How a tile actually gets painted so it joins its neighbour without a visible seam

Every tile has to continue from its neighbour. If we just painted each tile from scratch, the joins would look like a photo collage — visible cuts wherever two tiles meet. Here's how we paint a tile so the seam disappears.

1

Start with a rough sketch of what should run through.

A short painted strip shows the path, river, or corridor that needs to cross from the neighbour into this tile, in roughly the right art style. Think of it as a colour-and-shape note, not a finished tile.

2

Mark which pixels are allowed to change.

A "freedom map" grades how much each pixel can be repainted — locked at the seam, gradually freer toward the centre. It's a soft fade, not an on/off line, which is what keeps the join from showing.

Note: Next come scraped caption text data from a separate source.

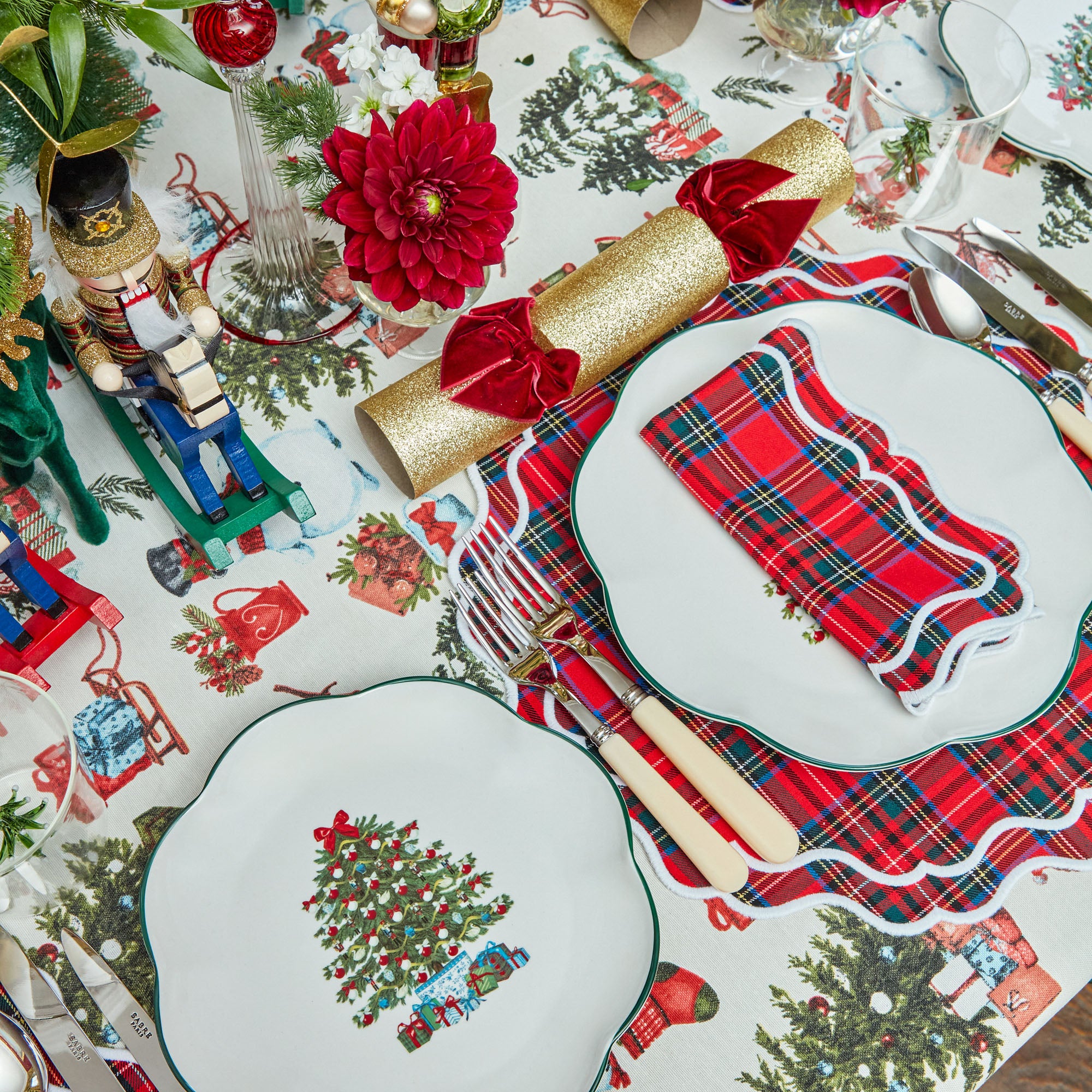 Add a festive touch to your holiday gatherings with the Christmas Tree Jug and Glasses (Set of 4).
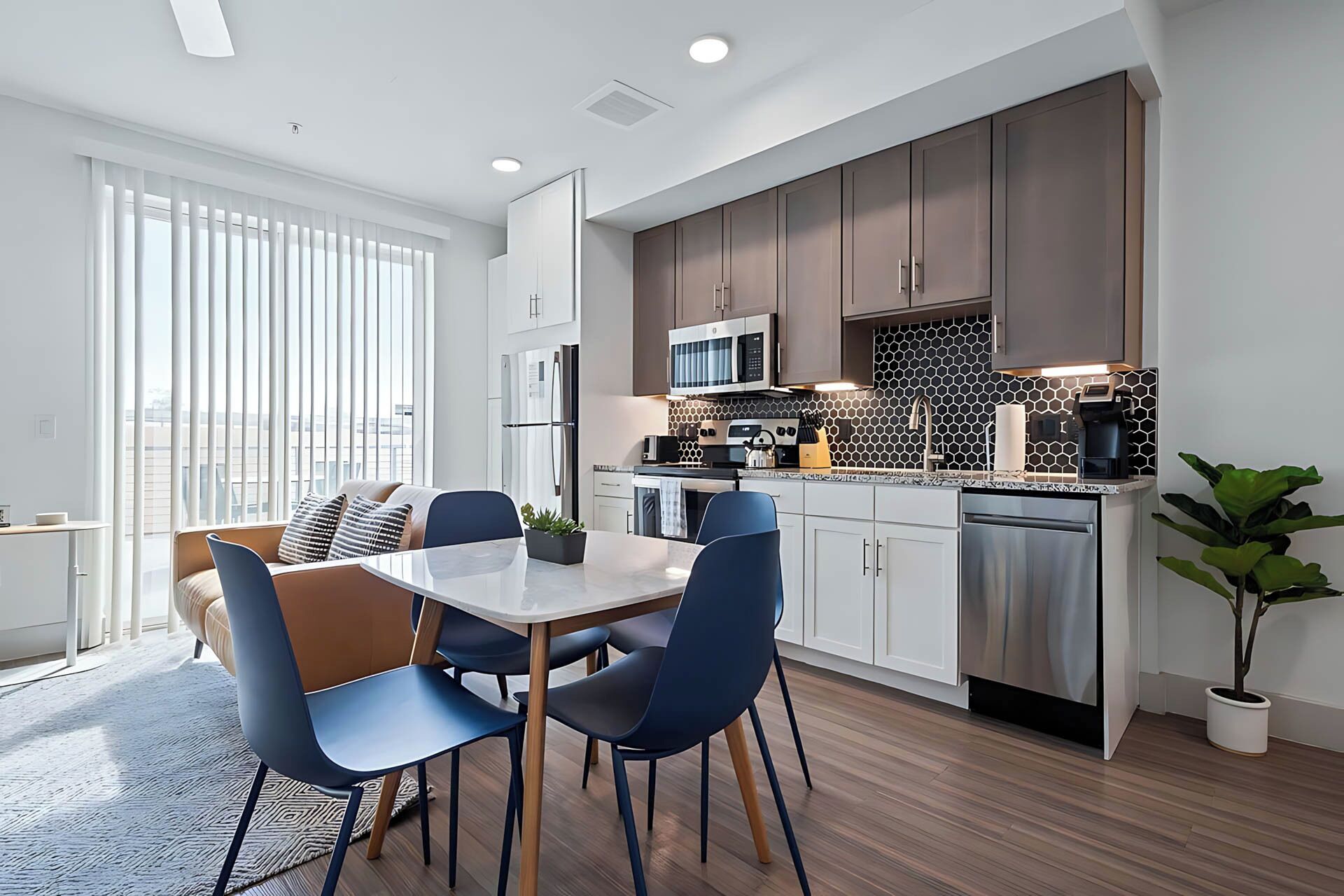 Two Bedroom Balcony + Laundry | Wohnbereich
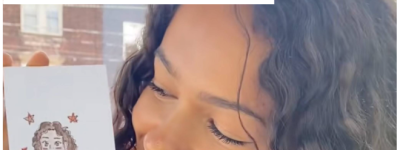 多伦多21岁女大学生”摆摊”火出圈:$1爆款卖疯 还被巨星Drake翻牌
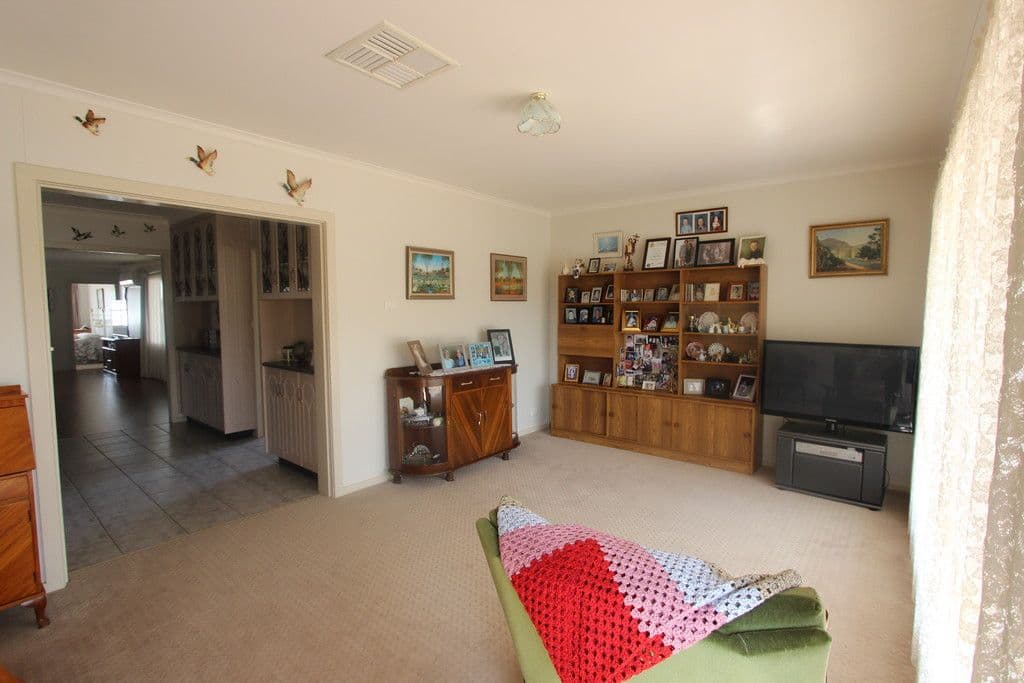 27A Regent Avenue, MOUNT PLEASANT, Mount Pleasant - Thumbnail 2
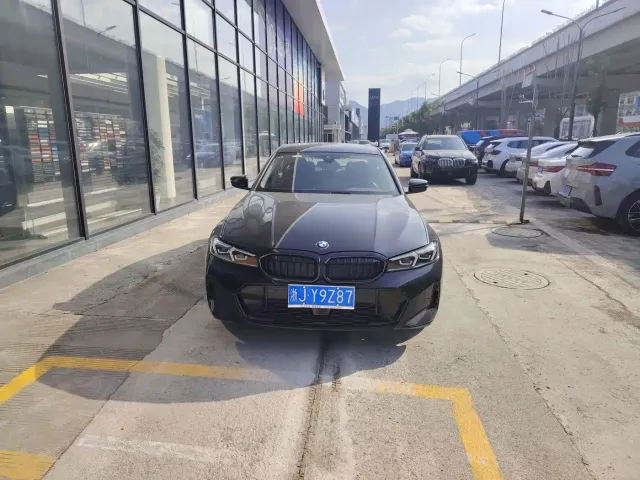 BMW 3 Series — Фото автомобиля 2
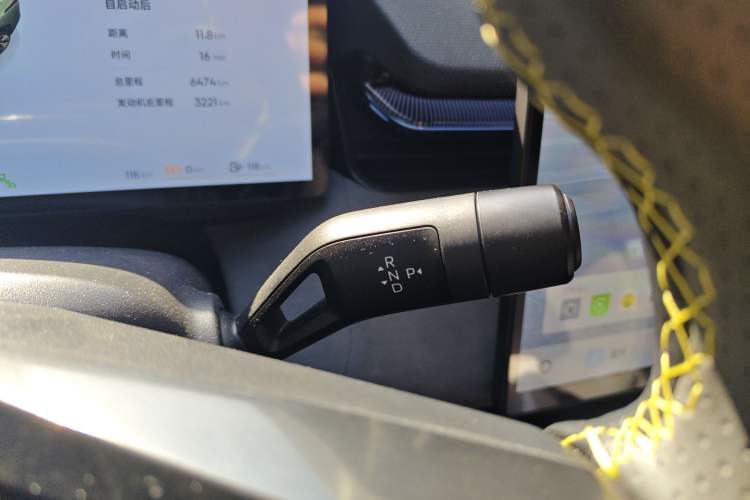 Used Lynk & Co 08 EM-P 2025 220 km All-Wheel-Drive Performance Halo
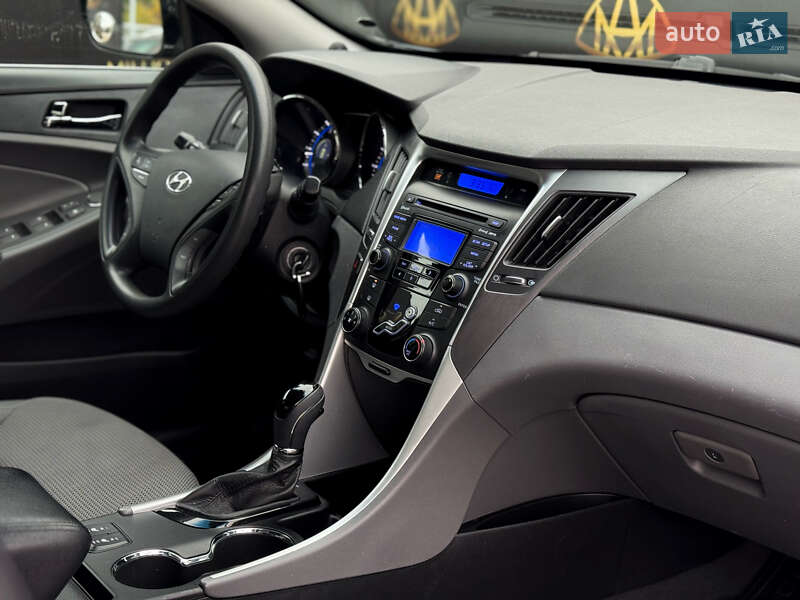 Седан Hyundai Sonata 2012 в Киеве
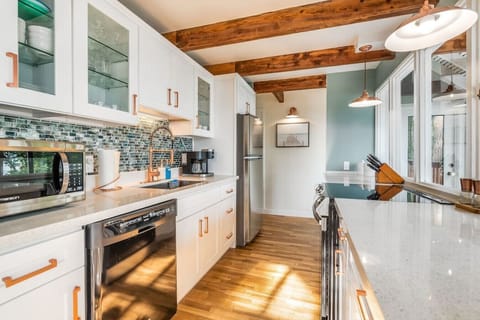 Fully equipped kitchen! All you need to bring is your food.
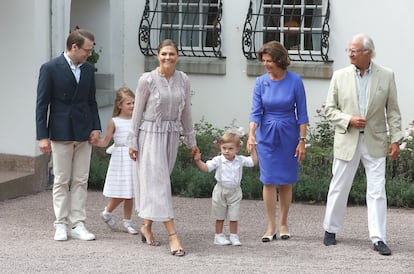 Carlos Gustavo y Silvia de Suecia con la heredera de la corona, la princesa Victoria, su esposo, el príncipe Daniel y sus dos hijos Estela y Óscar, en julio de 2018.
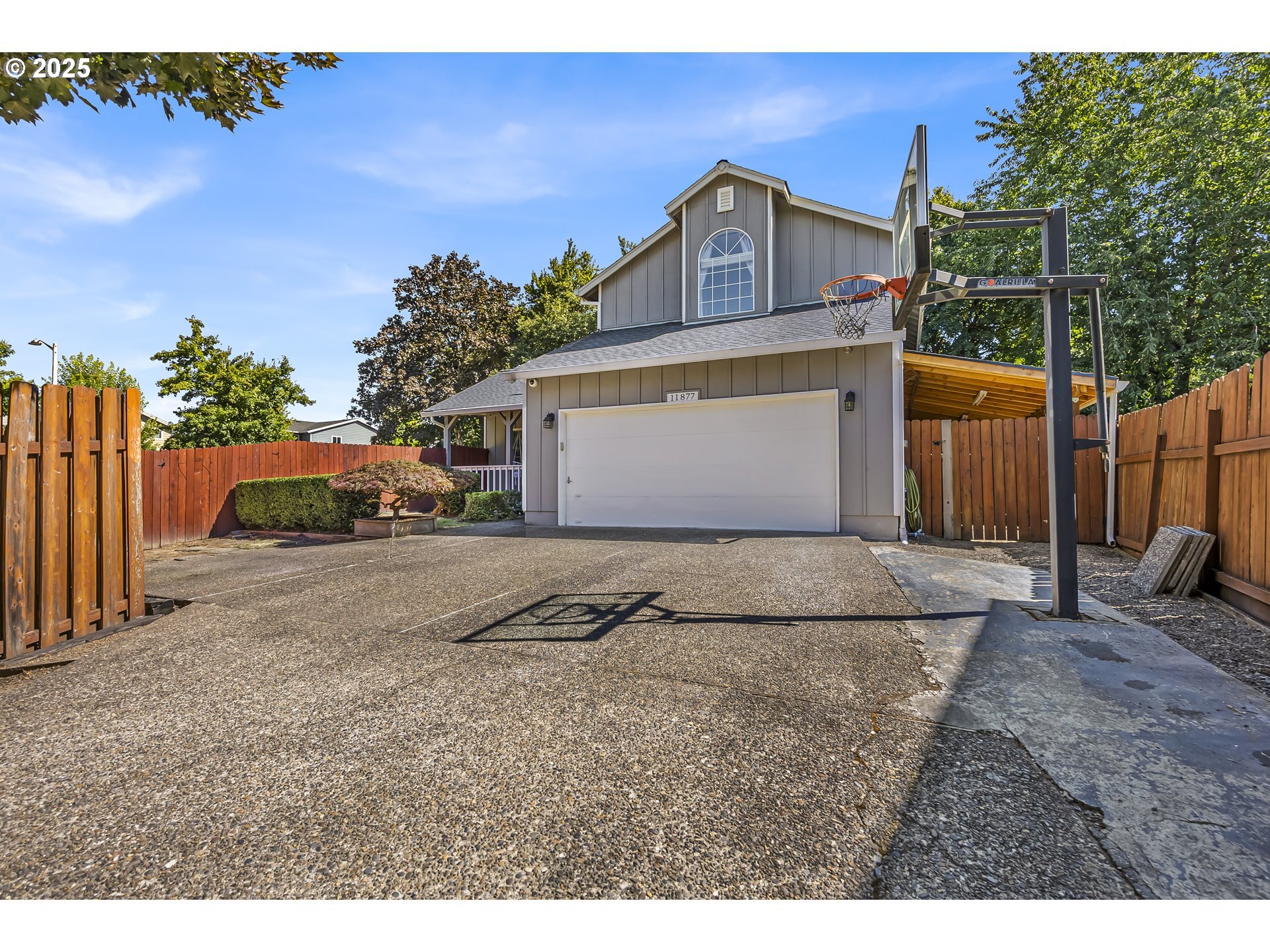Property Photo: 11877 SW Morning Hill Dr OR 97223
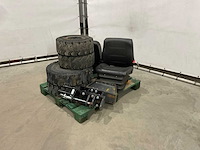 Heftruck stoelen banden trekhaak - afbeelding 1 van  10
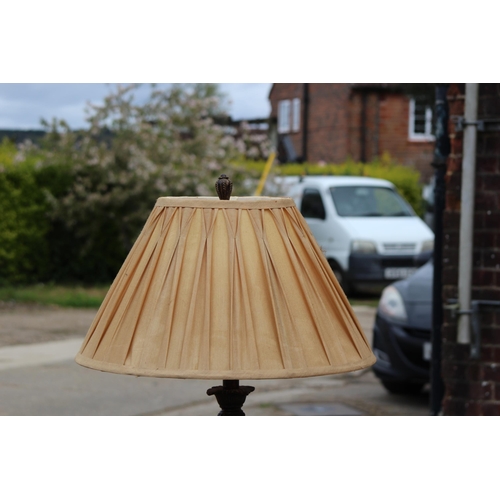 16 - VINTAGE BUREAU, ANTIQUE CHAIR AND LAMP
70 X 41 X 74CM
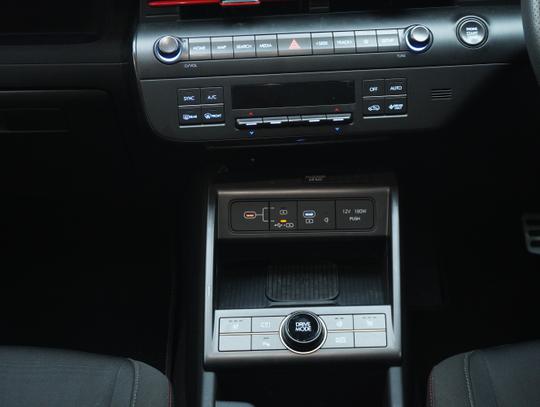 Hyundai KONA Photo b0c015b9-652d-4e1a-86c0-b93600e13417.jpg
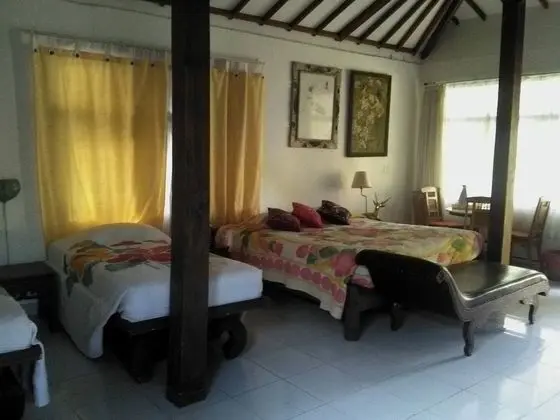 Villa (Four Persons)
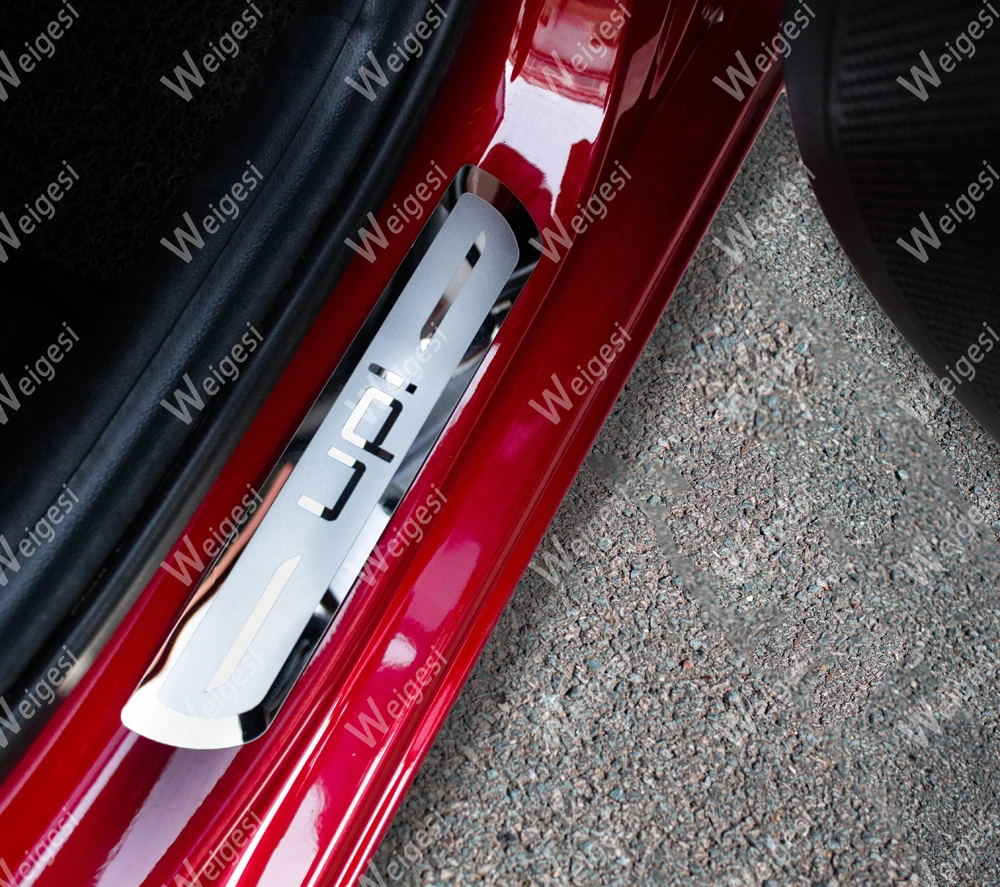 Накладки на пороги VW UP из нержавеющей стали для Volkswagen UP! 2012-2021 | Автомобили и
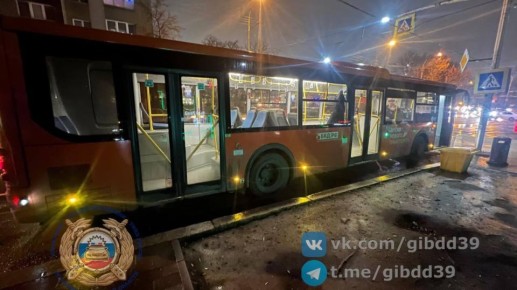 В Калининграде водитель автобуса не уберёг 84-летнюю пассажирку от падения в салоне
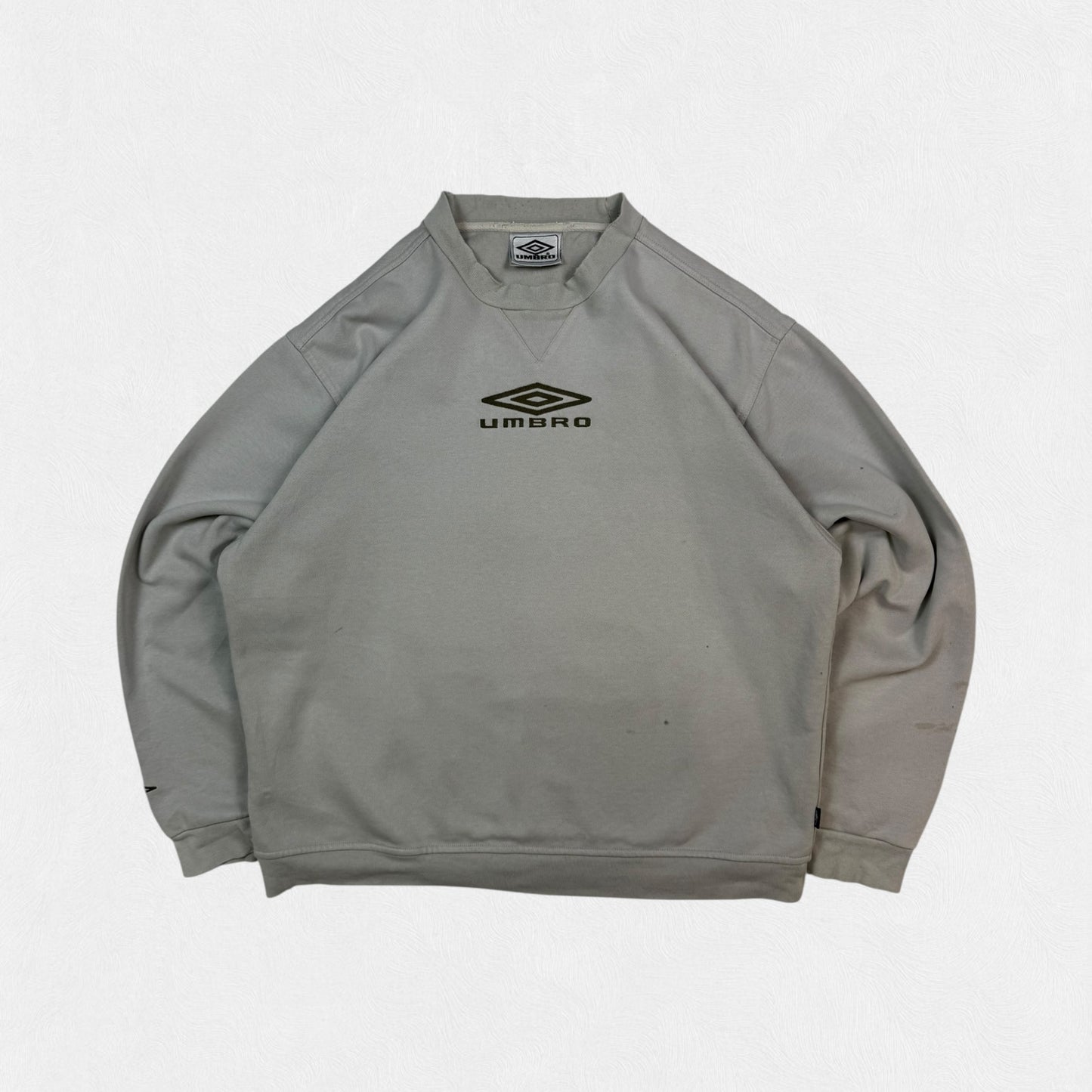 Vintage Umbro centre logo sweatshirt (L)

→ The freedom map in detail
3

Paste the neighbour just outside the tile.

The neighbour's edge sits in a margin around the canvas, so the painter can see what's coming in but doesn't have to repaint it. The tile area itself is empty and ready to be filled.

4

Paint inward.

The painter fills the tile, allowed to vary by exactly how much the freedom map says — pinned at the edge, free in the middle. The path continues, the grass continues, the colours flow.

5

Crop back to size.

The neighbour margin was just context — we throw it away. What's left is a tile that flows out of its neighbour seamlessly.

Flow direction (optional)

The flow tool adds a directional layer on top of presence masks. Drag strokes encode where a river or path should go — the painter records angle (R channel, 0→2π) and magnitude (G channel) per pixel as an RGBA signal alongside the grayscale mask. The backend converts this into a gradient stencil: the generation hint color peaks at the river's centerline and tapers toward the bank, giving the diffusion model a shaped target to refine rather than a flat uniform fill. Flow strokes are optional and compose on top of any existing river or path mask; tiles without flow data fall back to the existing flat stencil.

Why this works

  • The neighbour sits outside the painted area, so it can't be accidentally repainted.
  • The freedom map is a smooth fade, not an on/off mask, so the join blends instead of butting against a hard line.
  • The painter sees real neighbour pixels as context, so it knows what colour and texture to continue.
The freedom map in detail → All five inputs that go into a tile → Structure vs freedom — the two knobs → The technique stack that paints it → The pipeline behind the soft mask →
How this is built (technical)

Built on Differential Diffusion (Levin & Fried 2023) for the gradient freedom map and an exterior-anchor inpainting pattern (Sartor et al. 2024) for the neighbour margin. Style anchors are seeded from a small bank of reference VTT maps so each biome stays internally consistent across a run.